Some will say it's the homeowner's fault for taking on more than they could handle but more often than not -that's not the case. Many have suffered a health crisis, lost their job due to the mortgage and credit meltdown, or fell behind because of predatory lending and mortgage servicing practices. Though investigative reports point out that a loan modification can be a costly path for a mortgage servicer, the financial industry continues to blame lack of staff, or the borrower and paint themselves as the actual victims. Why? Because that's what some banks do.

Even if the homeowners took on mortgages that perhaps are a bit more than they can handle, many consumers report the lender egged them on with assurances that they could afford mortgages of that size, some report they were told that interest only loans and ARMs are just as viable as fixed loans and others report their loan documents changed. Shouldn't lenders be held accountable for the products they push and the individuals they take on as clients? Shouldn't mortgage servicing companies be held accountable for how they handle -or mishandle the loan?

After all, when consumers purchase a car, they expect it to function properly. When consumers purchase appliances, they expect them to function appropriately. Therefore, shouldn't homeowners be allowed to have the expectation that mortgage lenders know their products sufficiently well enough to only give them out to people who can afford them for the long haul? Maybe this should be the way that it is, but typically it is not.

Essentially, transitioning from a monthly mortgage payment to a temporary loan modification winds up having the homeowner jumping from the proverbial frying pan into the fire. Instead of gaining a reprieve from threats of foreclosure and an abeyance of accumulating interest rates, homeowners continue to receive both of these. Doesn't' it sound similar to getting slapped in the face after going down for the count. Why is that? Because that's what some banks do.

Temporary loan modification is akin to purgatory that place where everyone is in limbo wondering which direction they are going to go. While homeowners might be fortunate enough to achieve this temporary state-of-affairs, they remain in limbo as does their entire life around them. Will they have a place to call home in three month's time? Will they be able to obtain a permanently modified mortgage that they can continue to pay on time every month? Or will they, instead, learn their credit score plummeted further and then receive that final notification that their home is indeed going to be foreclosed upon whether or not they did anything wrong? Why?
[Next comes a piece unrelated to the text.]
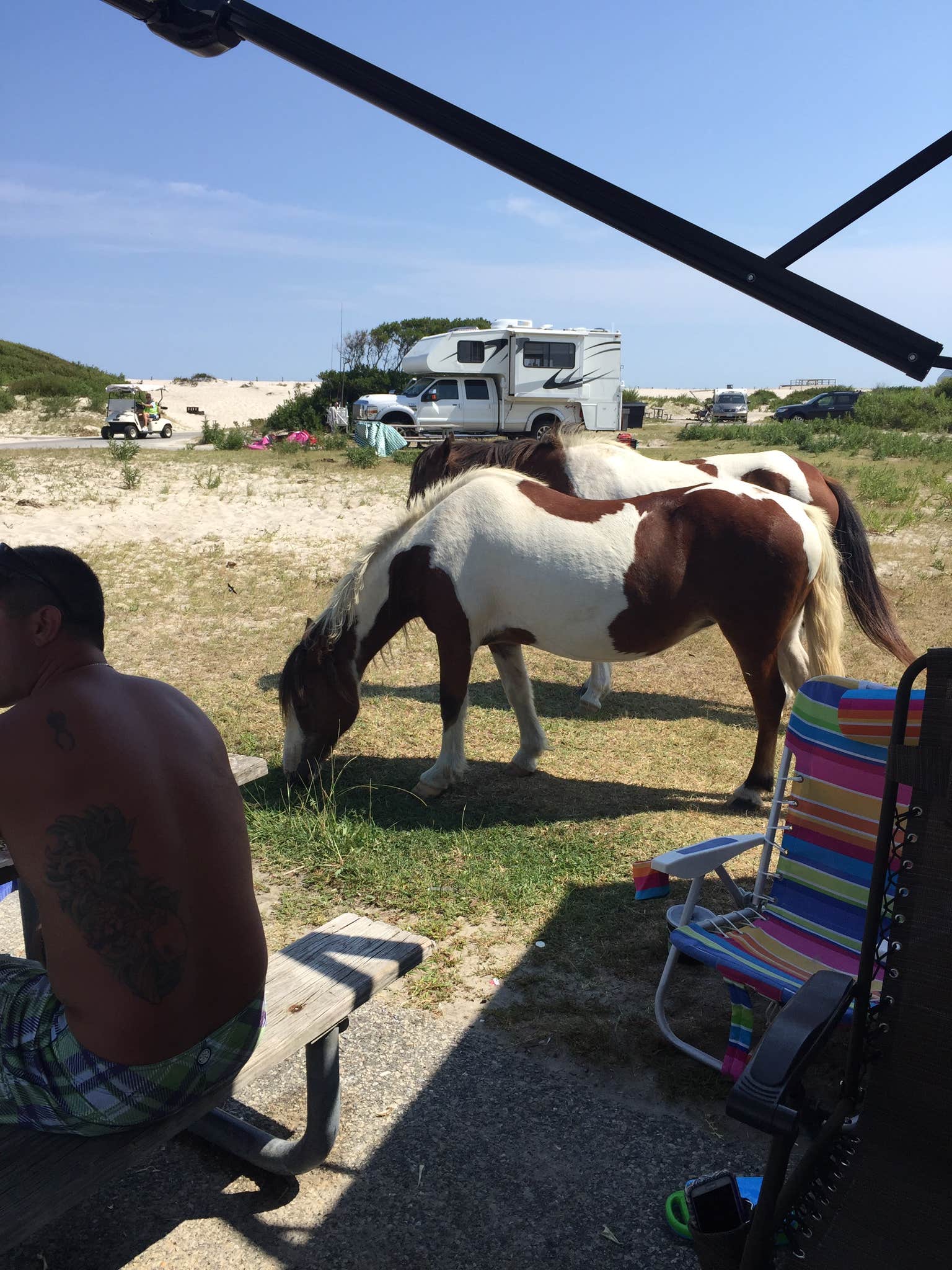 Camper submitted image from Assateague Island National Seashore Oceanside Campground - 4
Because that's what some banks do.

If you think that being held hostage is too harsh a phrase for what the mortgage industry appears to be doing to struggling homeowners, think again. This scenario is similar to that of a loan shark who loans money to needy individuals and then charges so much interest that the borrower never seems to be able to catch up. The lender rakes in the money while the borrower continues to struggle to keep his head above water, barely surviving.
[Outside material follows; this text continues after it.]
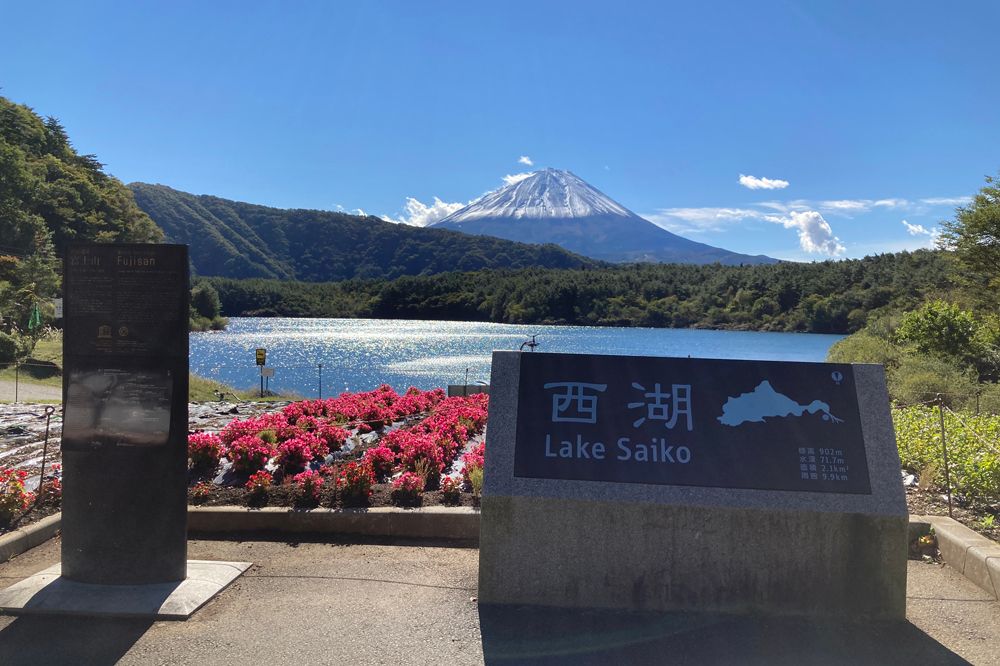 富士観光トラベル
Mortgage lenders provide home loans, sometimes without taking into consideration all of the mitigating circumstances. Then, they offer some hope by offering distressed homeowners temporary loan modifications with the intent of channeling these debts into affordable permanent loan modifications. Unfortunately, somewhere along the way, the process gets stuck in all the red tape, or is simply buried in a sea of paperwork -maybe intentionally, maybe not. Why? Because that's what some banks do.

All of the decisions lie in the hands of the lenders who determine which homeowners are worthy of permanent loan restructuring and which ones are not. In the meantime, the credit ratings of these individuals continue to plummet as their homes are listed as potential foreclosures, their debts continue to rise, and their faith in the American dream begins to waver. I hear from borrowers who pay their payments on time and are told to skip a mortgage payment to qualify for assistance. I hear from other borrowers that they've made all their payments on time, but just like many loan modification application disappear -so do their payments. The borrower's are then forced to prove their innocence and make calls that nobody returns. If they are lucky enough to find an employee that promises to help them, they often learn that person has been fired. Why? Because that's what some banks do.

Banks are now quickly paying back the billions of TARP bailout funds. They report they are doing so as a way to show their debt of gratitude to taxpayers who bailed them out. But many think otherwise. Are banks paying back taxpayers with the very money paid by borrowers in lucrative fees and higher interest rates? Some question, could it be more likely they are rushing to pay back these TARP funds as a way around government regulations that dictate the amount of executive pay? That's what many taxpayers believe. Why? Because that's what some banks do.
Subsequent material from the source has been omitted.